Here's the thing about that. I know you're right. I know you're being honest. I know plenty of 360 console owners are rebuyers. I'm not undermining you here. But:
The 360 has a great tie ratio. A really great tie ratio. Better than the PS3 or the Wii. Tie ratio is the number of pieces of software sold for each piece of hardware, and the 360's are top shelf both month-to-month and lifetime. This means that if a higher percentage of 360 buyers are repeat owners, we'd either expect the tie ratio to be lower (because someone who buys a second 360 doesn't also rebuy their whole library) or we'd say that it is artificially low, and the 360's actual active owner : software tie ratio is enormous, dwarving everything else ever made by a significant amount.
It seems likely that 360 owners buy a lot of software and unlikely that that they buy a totally mindboggling amount of software, so we have to assume that the repeat buyers are about normal.
One of the reasons here is that most people who rebuy a console trade their old one or sell it and then the person that buys that buys software.

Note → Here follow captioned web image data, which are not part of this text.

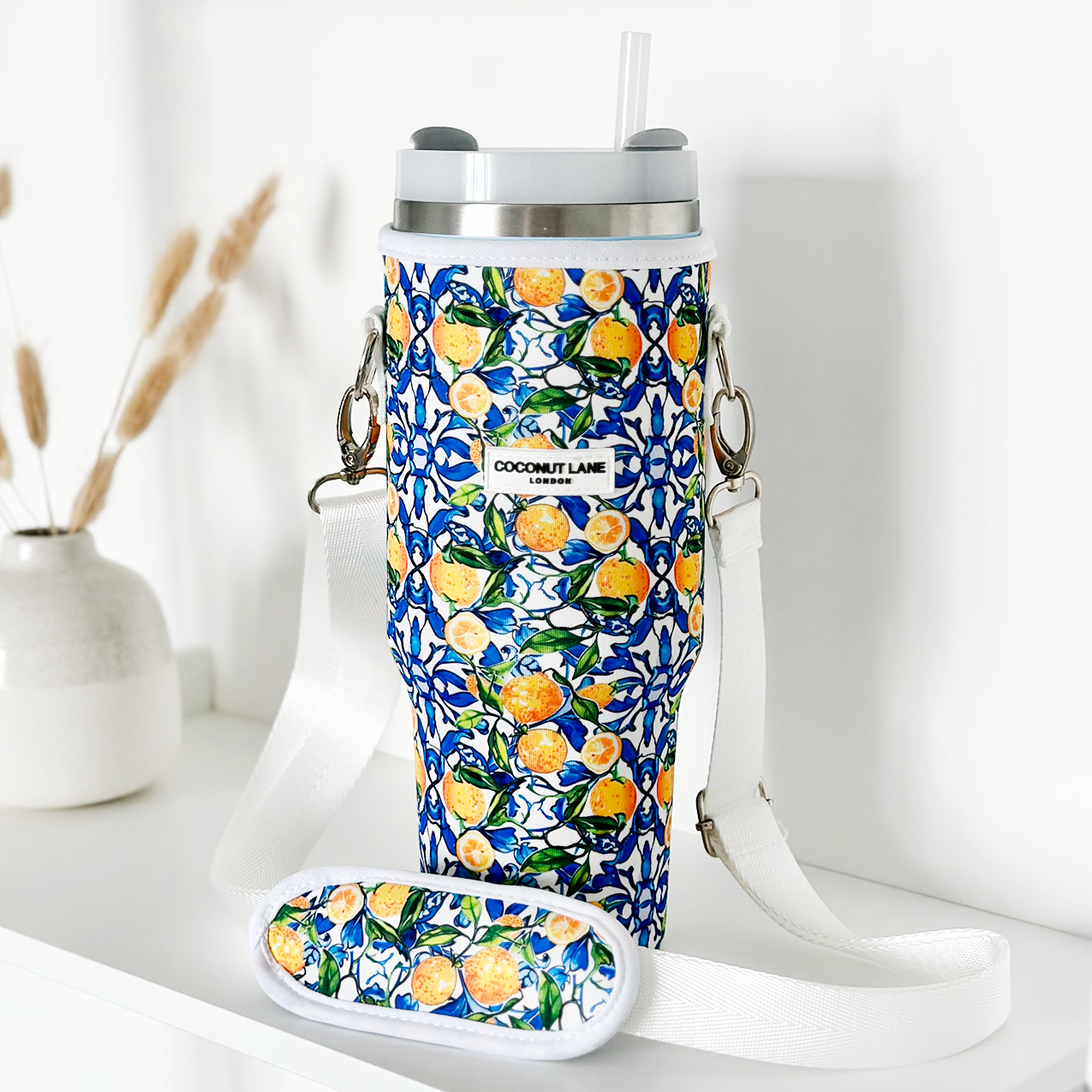 Tumbler Carry Case - Amalfi Lemon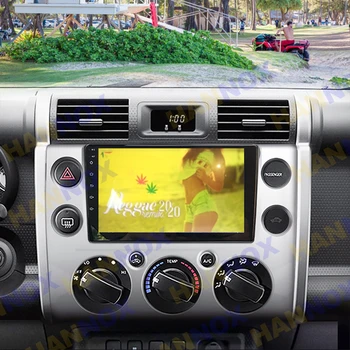 9 inch zaslon na Dotik, Android Avto Radio Predvajalnik Za Toyota FJ Cruiser GPS Navigacija Brezžični Carplay Bluetooth, Združljiva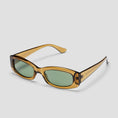 Load image into Gallery viewer, CHPO Skate Gaza Sunglasses Brown / Green
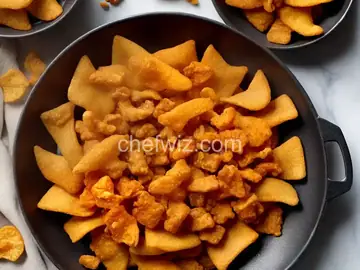 Chicharrones Guisados (Stewed Fried Pork Rinds) Recipe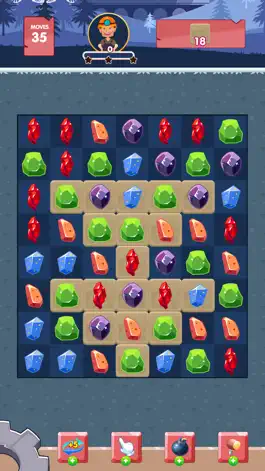 Game screenshot Jewel Blast Gem Magic Match 3 apk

So most of your repeat buyers were also driving used sales and thus driving the install base, even if you didn't know they were.
Now, I'm not equating the 360's failure rate to any other console. In fact, let's pretend we're not talking about the 360 at all. Let's talk about the PS2. And now let's pretend no one's PS2 ever broke. Ever. Right? Still, a lot of those people replaced their fat PS2s with slim PS2s (or bought a second one and kept both), right? Sounds fair.
But in spite of this, we don't think of the PS2 as not "earning" all its sales, or of having a lower "actual" ownership number than the sales represent or any other claim like that. We basically accept that whatever the percentage of people who own two or break one and buy a new one or are otherwise rebuyers or upgrade or look for new colours or buy holiday bundles for collectors sake or whatever, it's not something that we actually worry about. We count the sales as honest and act as though the install base is the install base.
Hope this explains the conventional wisdom on rebuying.